I’m researching various backup software and I want to see how large can Restic scale in practice. I am looking at a 40-60TB project (total size, multiple clients, largest around 10-20TB) and want to figure out if people have prior experience regarding what kind of hardware will be necessary to handle such a load.
- How big is your original data set?
- How is the data churn (ie. how much data changes on every snapshot)?
- How big is the resulting Restic archive?
- How long does the backup take to complete?
- What is your prune schedule, and how long do those take?
- Did you ever try to restore? How long did that take? How long would a full restore take?
- What kind of hardware are you using, both client and server?
- What do you feel is the bottleneck (ram, cpu, network, …)?
I have heard of a 2PB dataset, for example, that is rotated every year (as opposed to prune, probably because of performance issues). How about your dataset? Anyone can confirm the 2PB figure or beat that? Sub-PB figures are also fine, of course.
Thanks in advance!
My largest data set is about 350GiB, it’s a backup of a server with several VMs. Roughly, between two and 10GiB change every day. The restic repo is about 600GiB in size. Since it’s a server with normal hard disks (no SSDs), backup takes about 30-60 Minutes (excluding LVM snapshots and fsck). Forget and prune are run manually, the settings are
--keep-daily 7 --keep-weekly 8 --keep-monthly 12, the last prune took a long time of ~22 hours for the sftp backend. I did not attempt a restore yet, just used the fuse mount a couple of times.
The hardware is an older Server machine with 2x3TB disks, 32GiB RAM. The storage server via sftp is a low-power Intel Microserver from 2012 or so.
At the moment the bottleneck for prune is the implementation, which is very conservative… that needs to be improved.
I remember that there was someone who wanted to backup their server farm with restic.
Can’t seem to find the post right now but I’ll keep looking maybe he has more info to share.
I run CourtListener.com where we have millions of PDFs amounting to several TBs of data. I’ve found a couple things in 0.8.3. (0.9.0 is supposed to be better, but I haven’t tested it yet.)
By far the slowest thing is iterating over the files. I think this is better in 0.9.0, but it was taking a very long time, around a day, just to do this.

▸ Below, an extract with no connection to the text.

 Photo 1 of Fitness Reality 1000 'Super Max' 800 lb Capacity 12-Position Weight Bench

Memory usage was a major problem. I caught Restic using dozens of GB of memory if I recall. That’s not normal for most backup software I’ve used.
Haven’t tried a restore or prune yet.
The fuse mount was unusably slow. Too bad — what a cool feature!

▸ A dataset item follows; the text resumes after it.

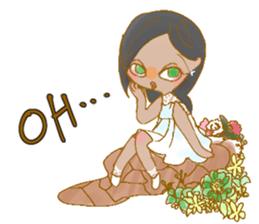 DROPGIRL sticker #12225663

The backup endpoint I’m using is backblaze (because it’s cheap).
I need to do more research, but I’m kind of on the fence right now until I try 0.9.0. The memory usage and speed were real problems, but perhaps they are better in the latest version, and we’re upgrading our RAID array, which should help too.
Not sure how much this helps, but I think big picture Restic is a more complex system than something like rsnapshot. With that complexity comes features (yay!) and CPU/memory consumption (not yay!).
Indeed, from what I understand the archiver code was revamped in 0.9.0 which should improve backup times. But memory issues remain, as far as I know, the core issue, especially for prune.
Thanks for the data points and good luck!
Small update. We’re now using Restic 0.9.1 for our backups to backblaze, and we’re still having huge memory issues. Last night our backup failed due to using up all of our free memory (which was about 25GB). Seems like the issue for this is:
Do you have a lot of small files? (Just trying to understand the worst case scenario here)
One collection is 1.6TB with about 10M files and then we’ve probably got another couple million similar files in a separate collection. 10M doesn’t seem like a ton to me, but it sure doesn’t make restic happy.
I’m not entirely sure where the memory is used. I personally don’t have such a huge repository (and not the means to save it somewhere fast).
The new archiver code (which is used during backup by default since 0.9.0) does not use so much memory.
I have a hunch where it map happen: restic loads all index files into data structures in memory. At the moment, for each index file, a separate data structure is used (we need to change that). So the lookup if a specific blob is in the repo and where it is saved takes longer and I suspect it also uses much more memory. I’ll have a look at how to hold the data we need in a more efficient way, maybe even using a file on disc for seldomly used blobs.
processed 1547475 files, 8.319 TiB in 35:30
Daily backup on a QNAP TS-453A
This is kind of where my intuition went.
Do I understand your comment correctly to mean that as you have more snapshots, the amount of memory needed for a backup grows too? In that case, I guess part of my problem is that I disabled pruning due to its performance problems. If that’s right, would running just forget (without prune), help solve that issue?
Hm, I’m not sure that’s it. In general, the amount of memory seems to correlate to the number of index files, and therefore to the number of blobs in the repo. This can be caused by either a huge number of small files (=many small blobs) or just a huge amount of data (=many blobs).
As I said in the GitHub issue, I unfortunately don’t have a means to reproduce the memory issue locally, but I’m in the process of building a large repo here so that I can run some tests.
Gotcha. Thanks for looking into this. Let me know if I can help with providing millions of small files or something else like that.